Но я не обнаглел настолько, чтобы напрягать читателя жизнеописанием еще одного очередного героя, которых только от Ходжи Насреддина до пограничника Карацупы уже больше миллиона.. Поэтому использую себя лишь в качестве иглы, тянущей за собой нить жизни и судьбы российских моряков – подводников.
Резонен вопрос: с чего это вдруг? Отвечаю. Человеку в возрасте свойственно размышлять о прошлом. Тем более, если это прошлое богато событиями. Это присуще и мне.
И во время одного из размышлений вспомнился мне один эпизод, имевший место во Владивостоке. Была зима 1965 года. Я и еще один командир подводной лодки – Лев Жуликов возвращались с Дальзавода, где стояли наши лодки, в свою часть. Промерзли и, чтобы согреться, зашли в одну забегаловку, оказавшуюся по пути. Взяли по 150 граммов водки и по бутерброду, негнущимися пальцами расстегнули по паре верхних пуговиц шинелей и уселись за столик, где сидел довольно пожилой интеллигентного вида гражданин. Он оказался общительным и остроумным, так что между нами завязалась интересная и веселая беседа, как бы обо всем и в тоже время ни о чем. В простонародье такая беседа именуется брехом.
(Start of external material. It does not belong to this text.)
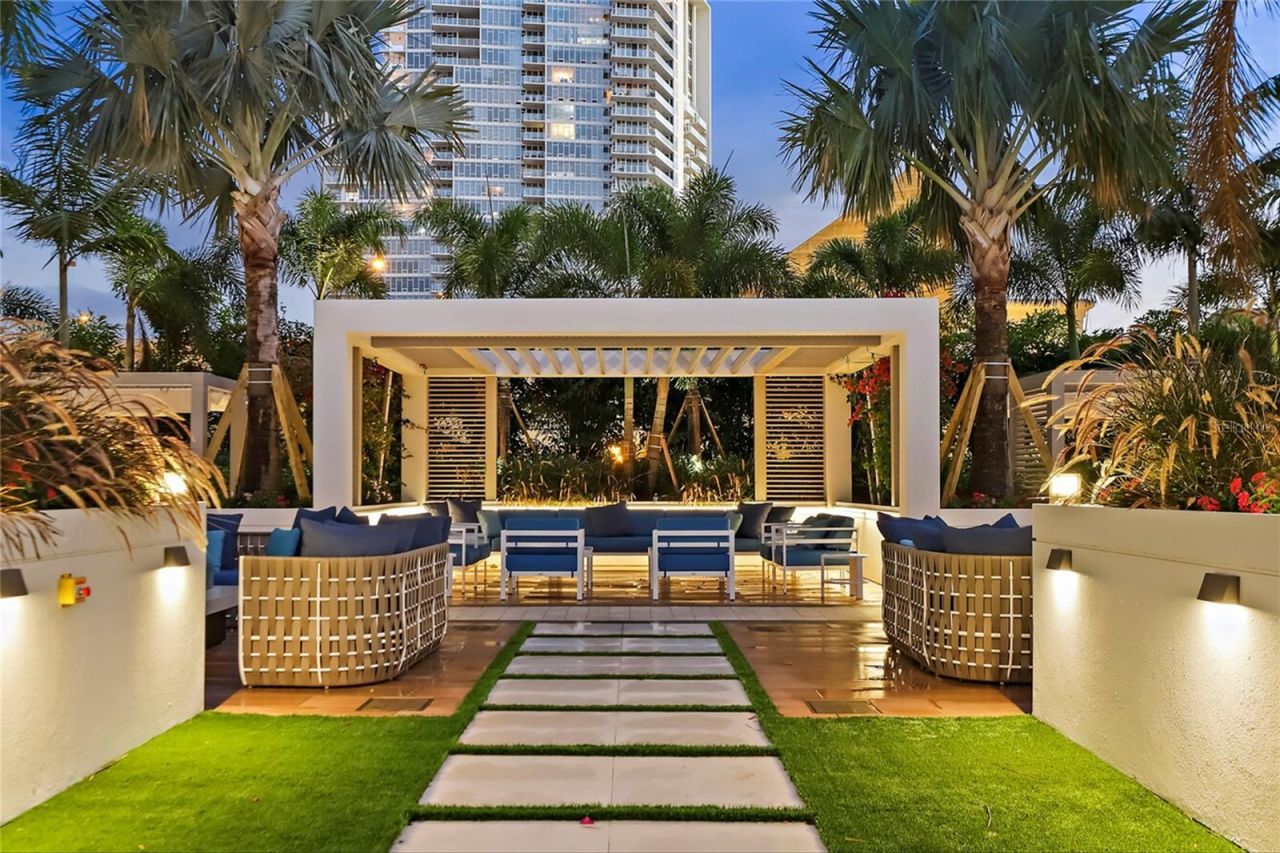 100 1st Avenue N, Unit 3307, Saint Petersburg, FL 33701 Photo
Он нам представился журналистом из Новосибирска, возвращающегося сегодня вечерним поездом к себе домой, так как его командировка сюда закончилась. И еще он нам поведал, что в 1947 году он демобилизовался с подводной лодки на Северном флоте, где служил старшиной команды мотористов. Мы же, естественно, соблюдая бдительность, назвали ему только свои имена.
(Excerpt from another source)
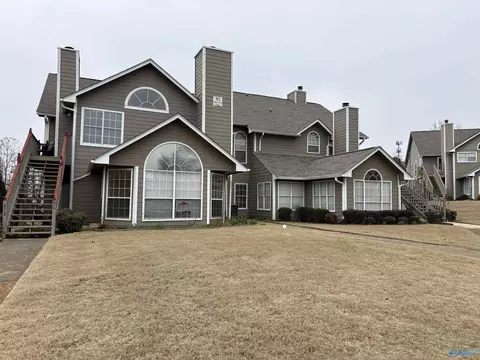 211 Waters Edge Ln, Madison, AL 35758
Минут через 30 все мы встали и вышли из забегаловки. Прощаясь же с нами, наш случайный собеседник буквально нас огорошил своей проницательностью, сказав, что в процессе короткого общения с нами, несмотря на то, что ни слова не было сказано о нашей работе, он установил, что мы являемся подводниками. На наш недоумевающий вопрос, как ему удалось нас раскусить, он, загибая пальцы, перечислил все изобличающие нас признаки.
Во-первых, - сказал он, - от вас соляркой несет, как от трактора, и нет и намека, что вы регулярно пользуетесь одеколоном. Во-вторых, у вас характерные мозоли на ладонях, что говорит о том, что вы ими часто скользите по стальным поручням рубочных трапов. В- третьих, когда вы садились за столик, то стульев не отодвигали, а вдвинулись на их сиденья сбоку, как это делается в тесной лодочной кают-компании, когда садятся за стол на общий неподвижный диван. Ну и еще, один из вас в разговоре обронил характерную фразу : «ничего, продуемся». Все это подмечено точно.
Вспомнив этот эпизод, я подумал: не написать ли мне о подводниках, о том, кто они, какие они, чем и почему отличаются от нормальных людей. Вот и написал.
Часть I
К ближайшему морю.
У американского писателя О.Генри есть рассказ о двух бандитах, который называется «Дороги, которые мы выбираем». Мы, подводники, не бандиты и дороги свои не мы выбираем. Дороги нас выбирают. В нашей же воле – пройти свою дорогу с достоинством и до конца. Поэтому я и решил назвать свое повествование: «Дороги, которые нас выбирают»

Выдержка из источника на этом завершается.